Agro-ekolojik, insan ve çevre
sağlığına duyarlı gıda egemenliğine dayalı
arım politikaları önermelerine önem verilmediği görülmektedir
Ülkemizde ciddi anlamda çevre kirliliği yaşanmaktadır. Büyük su havzalarının tamamı endüstriyel faaliyetlerin sonucunda kirlenmiş durumdadır. Pek çok ilde kış aylarında artan hava kirliliği sorunu bulunmaktadır. Altın madeni başta olmak üzere çevre açısından riskli madencilik faaliyetlerinin sonucu olarak pek çok yerde ciddi çevre kirliliği sorunu ortaya çıkmış bulunmaktadır. Mutabakat metninde çevre kirliliği ile ilgili olarak "fabrika bacalarının çevreye yaydığı gazları filtrelemeyen, atıksuları ile çevreyi kirleten, ölçüm cihazı takmayan işletmelere ağır idari ve cezai yaptırımlar getireceğiz" ifadelerine yer verildiği görülmektedir. Ancak sorun çevreyi kirleten işletmelere ceza öngörülmemesi değil, var olan mevzuatın uygulanmasının sağlanamamasıdır. Çevresel etki değerlendirme süreci ise prosedürel bir süreç olarak işlemektedir.

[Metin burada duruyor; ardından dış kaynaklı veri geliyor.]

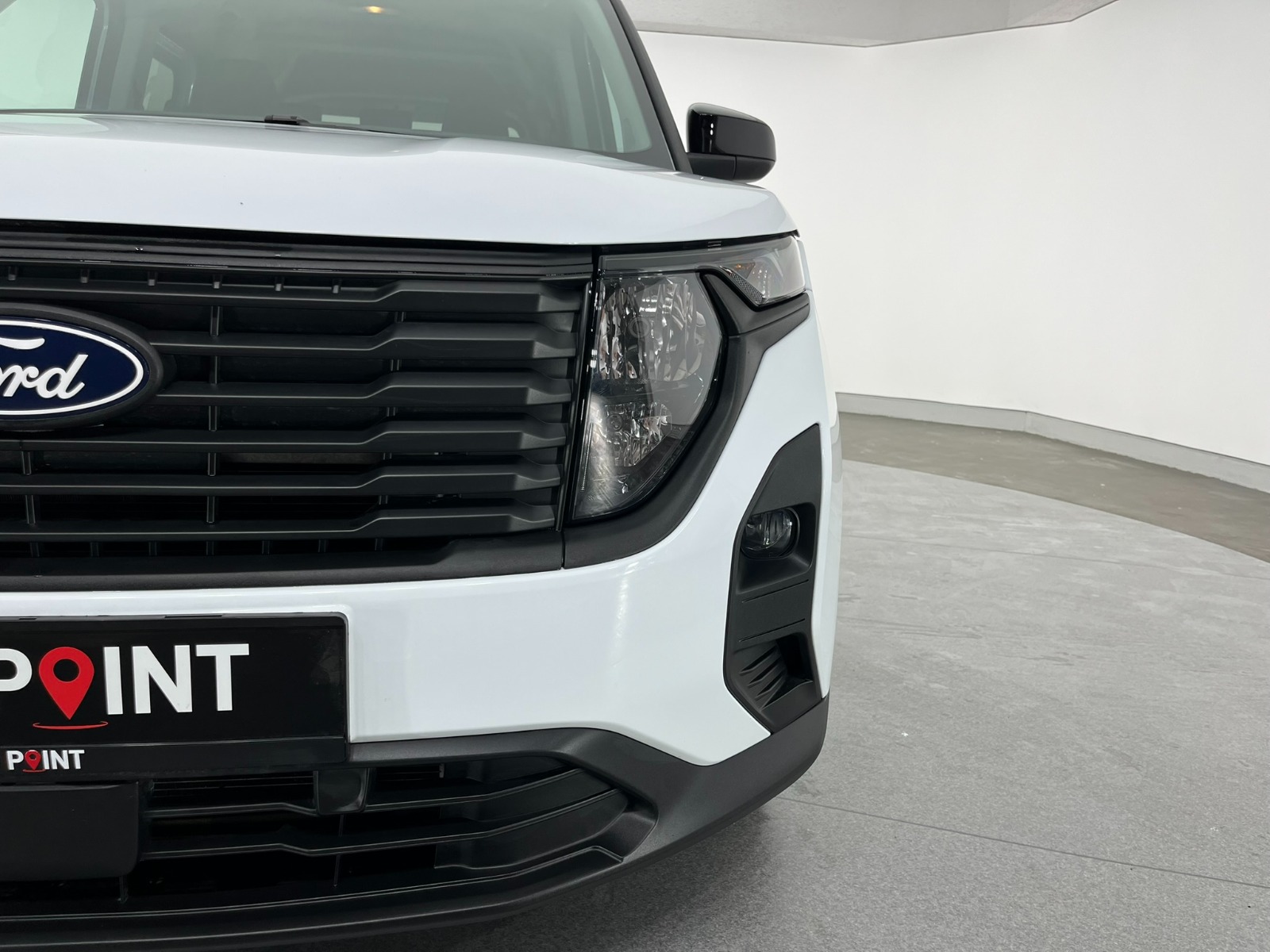 Ford Tourneo Courier Kombi 1.5 EcoBlue Deluxe - 2025 - Detay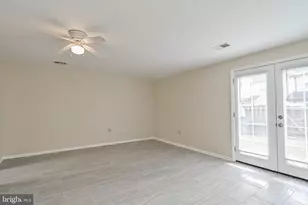 5934 Grisby House Ct, Centreville, VA 20120 - Photo 6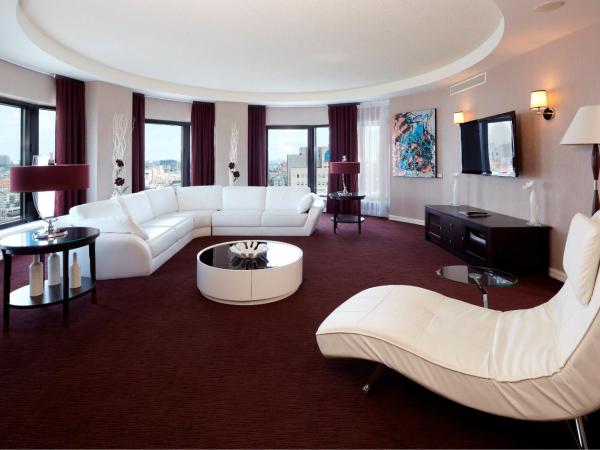 InterContinental Montreal, an IHG Hotel : photo 4 de la chambre suite lit king-size vice présidentielle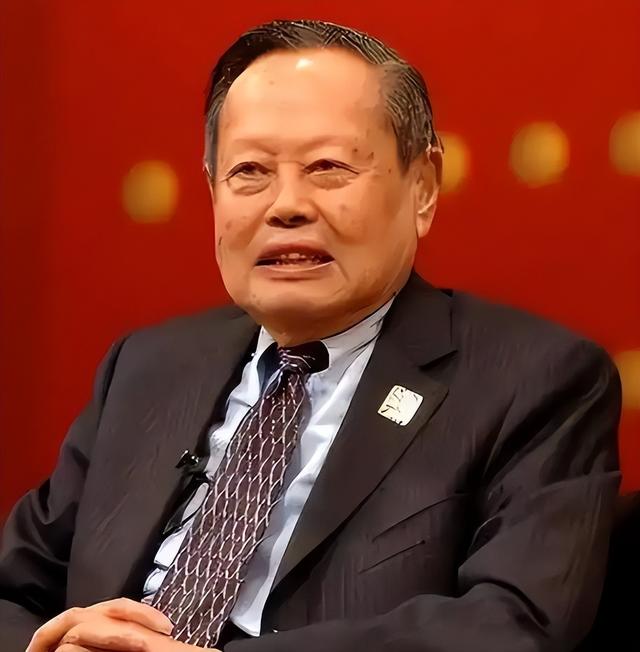 翁帆没想到，人情世故、江湖地位在杨振宁告别仪式上体现淋漓尽致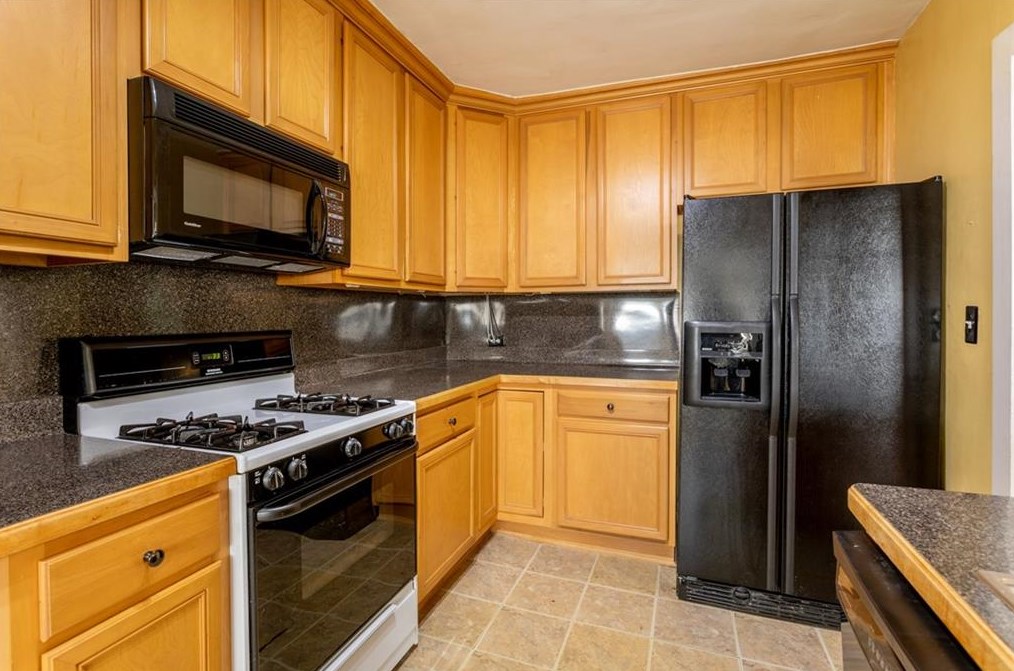 643 Sycamore Dr, Decatur GA  30030-2750 exterior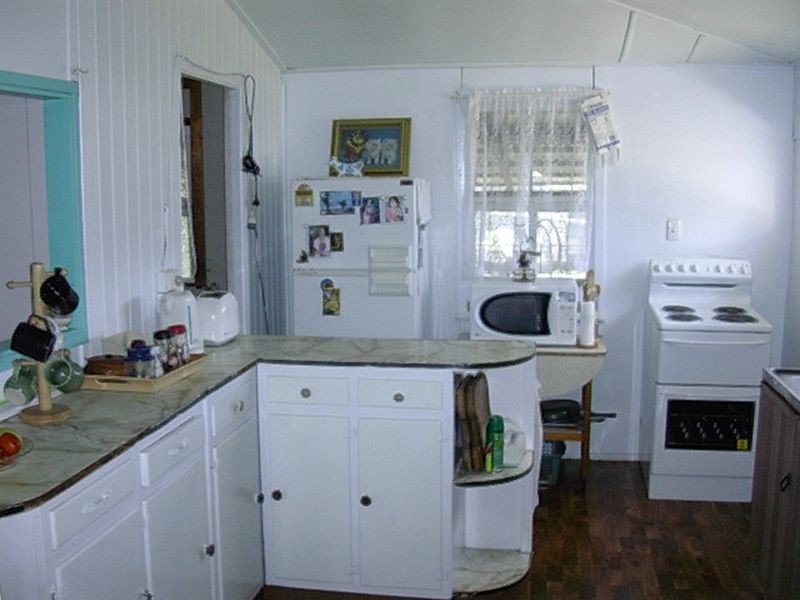 6 Adelong Street, Gayndah QLD 4625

Mutabakat metninde "siyanür, sülfürik asit, silika gibi zehirli toksik kimyasal maddelerin kullanımını içeren ayrıştırma tekniklerini yasaklayacağız" denilmekte ancak çevre açısından riskli faaliyetlere kısıtlama getirileceği yaklaşımına yer verilmediği görülmektedir. Mutabakat metninde "Çevresel Etki Değerlendirme (ÇED) ve sürecinin katılımcı ve etkili hale getirileceği" belirtilmektedir. Ülkemizde çevre açısından riskli sektörlerin faaliyetlerinin yaygınlığına ilişkin ve gerekli durumlarda riskli faaliyetlerin önlenmesini sağlayacak şekilde çevresel etki değerlendirme sürecinin kamusal denetim mekanizması olarak yapılandırılmasına yer verilmediği görülmektedir. İklim değişikliği konusunda ise karbon piyasası gibi geçici önlemleri hedefleyen piyasacı anlayışla çözüm aranacağı belirtilmektedir: "Karbon piyasasına işlerlik kazandırmak için Karbon Bankacılığı’nın ülkemizde gelişimi için çalışmalar başlatacağız."